Neuroblastoma is the most common form of childhood extracranial tumor and almost half of neuroblastoma cases occur in infants under two years old. Neuroblastoma accounts for ~6‑10% of childhood cancers and 15% of cancer‑associated childhood mortality. However, an effective treatment remains to be developed. Honokiol exhibits long‑lasting central muscle relaxation, anti‑inflammatory, antibacterial, antimicrobial, antiulcer, antioxidation, antiaging and antitumor effects. Honokiol has been previously demonstrated to kill neuroblastoma cells, however, the underlying mechanism of action remains unclear. The present study reports that honokiol inhibits the growth of neuroblastoma cells via upregulation of reactive oxygen species (ROS). MTT assays demonstrated that treatment of Neuro‑2a neuroblastoma cells with honokiol resulted in time‑ and dose‑dependent inhibition of cell proliferation, which was associated with upregulation of the protein expression of receptor‑interacting protein kinase 3 (RIP3), as demonstrated by western blot analysis. Furthermore, knockdown of RIP3 by small interfering RNA, or pharmacological inhibition of RIP3 by the RIP3 specific inhibitor necrosulfonamide, reversed honokiol‑induced loss of cell viability in Neuro‑2a cells. Importantly, honokiol significantly increased the intracellular ROS levels as determined by a 2',7'‑dichlorofluorescin diacetate assay, while ROS scavenger N‑acetyl cysteine significantly prevented the induction of ROS and RIP3 by honokiol. The results of the present study indicate that honokiol may suppress the growth of neuroblastoma Neuro‑2a cells, at least partially, through ROS‑mediated upregulation of RIP3.

Introduction

Neuroblastoma originates from the neural crest of the sympathetic nervous system (1), and is the most common solid tumor in children in terms of incidence and also mortality, with 800 new cases diagnosed each year in the United States (2). Almost half of patients with neuroblastoma are children younger than two years old, with a median age of 17 months at diagnosis. Neuroblastoma accounts for 8–10% of all pediatric malignant tumors and 15% of cancer-associated death in children (35). Patients with neuroblastoma are usually treated with a combination of chemotherapy, surgery and radiation (6). However, the majority of patients will develop certain complications, including infertility, hearing loss and cardiac dysfunction, following these procedures (7). In 2015, the molecular-targeted drug dinutuximab, in combination with granulocyte macrophage colony-stimulating factor, interleukin-2 and isotretinoin, was approved as treatment for high-risk neuroblastoma, however, various serious adverse reactions, which include infusion reactions and neuropathy, have been reported to be associated with this treatment regimen (8). Therefore, it is of high importance to identify and develop treatments for neuroblastoma that exhibit increased potency and reduced side effects.

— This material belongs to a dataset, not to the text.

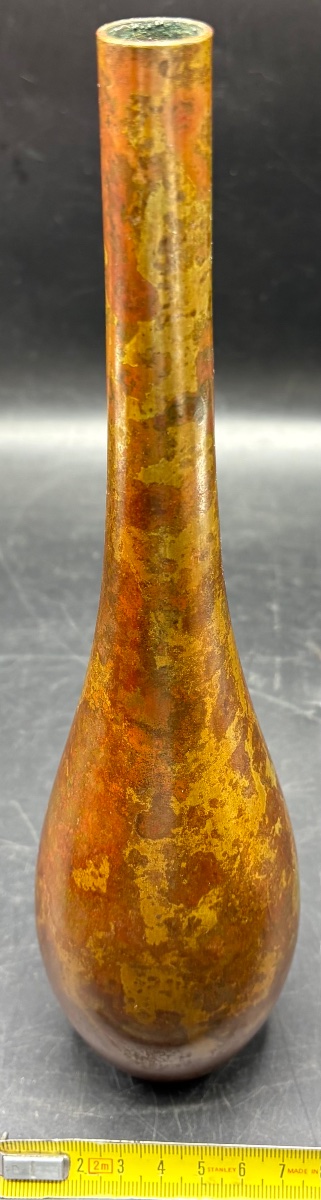 1930s Japanese Patinated Bronze Soliflore Vase-photo-5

Honokiol [2-(4-hydroxy-3-prop-2-enyl-phenyl)-4-prop-2-enylphenol] is a soluble, nontoxic, natural small-molecule polyphenol from the magnolia plant. It has been reported to inhibit thegrowth of various types of cancer cells (9), including oral squamous cell carcinoma (10), glioblastoma multiforme (11), human prostate cancer (12) and melanoma cells (13). A previous report also demonstrated that honokiol kills neuroblastoma cells (14), indicating that honokiol may be a promising agent for neuroblastoma treatment. However, the molecular pharmacology of honokiol in the suppression of cancer cell growth and proliferation is largely unknown.

The present study treated the Neuro-2a mouse neuroblastoma cell line with honokiol and demonstrated that honokiol inhibited the growth of Neuro-2a cells in a time- and dose-dependent manner. Further mechanistic investigation revealed that honokiol triggered receptor-interacting protein kinase 3 (RIP3)-mediated loss of cell viability in neuroblastoma cells via the generation of reactive oxygen species (ROS).

Materials and methods

Reagents

Honokiol and MTT were purchased from Sigma-Aldrich (Merck KGaA, Darmstadt, Germany). Necrosulfonamide (Nec) was from Abcam (Cambridge, MA, USA). N-acetyl-L-cysteine (NAC) and Lipofectamine 2000 were obtained from Invitrogen (Thermo Fisher Scientific, Inc., Waltham, MA, USA). RIP3 small interfering (si)RNA (5′-CCAGAGACCUCAACUUUCA-3′) and control siRNA (5′-UUCUCCGAACGUGUCACGUTT-3′) were purchased from Qiagen, Inc. (Valencia, CA, USA). Rabbit anti-RIP3 (#95702) and β-actin antibodies (#8457) were purchased from Cell Signaling Technology, Inc. (Danvers, MA, USA).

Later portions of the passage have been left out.